Indianola, Mississippi: Plans for a museum honoring international Bluesman B.B. King are well underway, guided by a development team with excellent credentials and input at a recent planning summit, according to Museum Foundation President Bill McPherson.
Members of the development team assembled in Mr. King’s hometown of Indianola, Mississippi, on October 9 – 10 for the charrette. In attendance were team members including Architect Stephen Perkins of the Washington, D.C. and Dallas firm of ForrestPerkins; Patrick Gallagher, CEO, Deena Gift, Rob Malootian and Cybelle Lewis-Jones of the museum interpretive design and exhibit firm Gallagher and Associates of Bethesda, Maryland; Tom Moriarity and Leslie Smith of Economics Research Associates, international consultants to the entertainment and leisure industry with offices in Washington, D.C. and throughout the world; Paul Rosenthal, storyline consultant and Al Hillmann and Michal Carr of the film production company Hillmann and Carr, also of Washington.
Among those invited guests attending were blues historian and King biographer, Charles Sawyer, and Executive Director of the National Music Center and Museum, James Weaver, as well as founding editor of Living blues Magazine, Jim O’Neil.
The $10 million museum facility will be approximately 15,000 square feet upon completion and designed for an interactive and educational experience. The museum has been sanctioned by Mr. King and Floyd Lieberman, CEO of Lieberman Management, as the official B.B. King Museum. The facility is projected to open in 2005, during the international celebration of B.B. King’s 80th year.
During the October planning summit, the development team and invited guests affirmed direction for the Museum. In addition to telling the B.B. King story, it will serve as a unique regional and national learning resource, committed to the creation of an innovative curriculum for K-12 and Lifelong Learning modules. Lesson plans and outreach initiatives will be created to encourage primary, secondary and continuing education groups from the region to visit the B.B. King Museum for tours and educational opportunities.

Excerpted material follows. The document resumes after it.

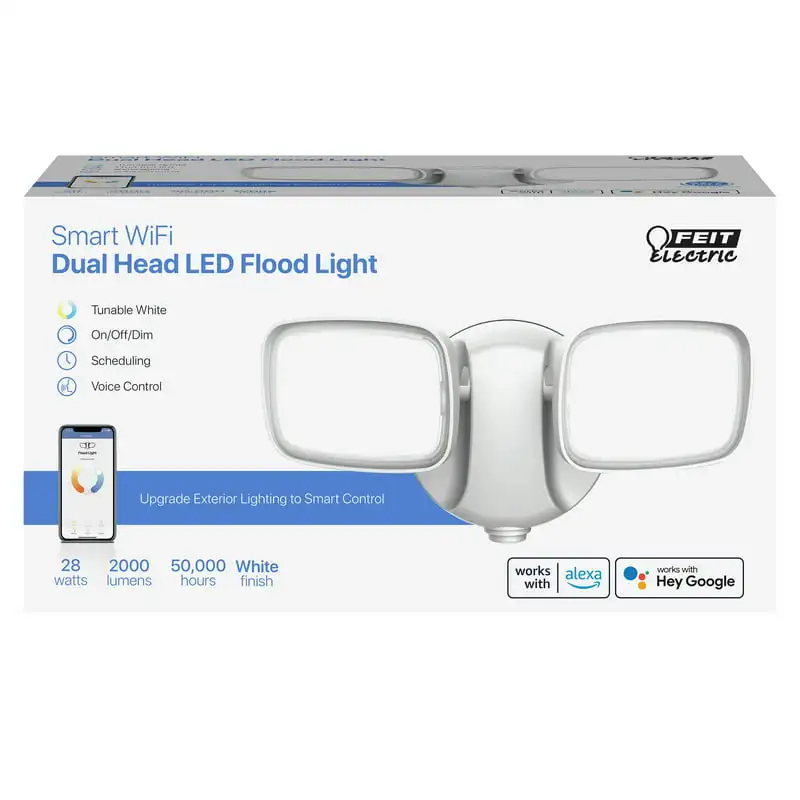 

Head Smart Security LED Flood Light, Hardwired, Tunable White, 2000 Lumens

The B.B. King Museum will also seek to establish partnerships with other institutions. Its goal is to leverage resources in order to create greater museum exposure to potential visitors and students. The museum can thereby document best practices and understanding about the effectiveness and success of its outreach programs. The Museum will strive to create pathways to its resources through the development of digital media for internet and DVD distribution.
King visited Indianola, Mississippi, in early June 2003 to meet with the Foundation Board and perform his annual Homecoming concert. Upon viewing the museum site, he remarked that the vintage cotton gin building located there is the same structure in which he had worked as a youth. The site, located near the downtown district on Second Street, was donated to the B.B. King Museum Foundation by the City of Indianola. Current plans call for the early brick cotton gin building to be renovated as part of the museum campus, which will include new facilities as well.
The museum’s connection to the place where Mr. King grew up and first played the blues is significant, according to Foundation President, Bill McPherson. McPherson sees the Museum as a way to showcase the origins of the Delta Blues, America’s root music, as well as the accomplishments of a man who started life with few advantages, yet rose to become a musician recognized around the world.
“From bare beginnings, B.B. King has become legendary, performing in over 90 countries and influencing such musical icons as John Lennon and Eric Clapton,” remarked McPherson. “The B.B. King Museum is the place where we can honor the talent and dreams of a Delta kid who became ‘The King of the Blues’.”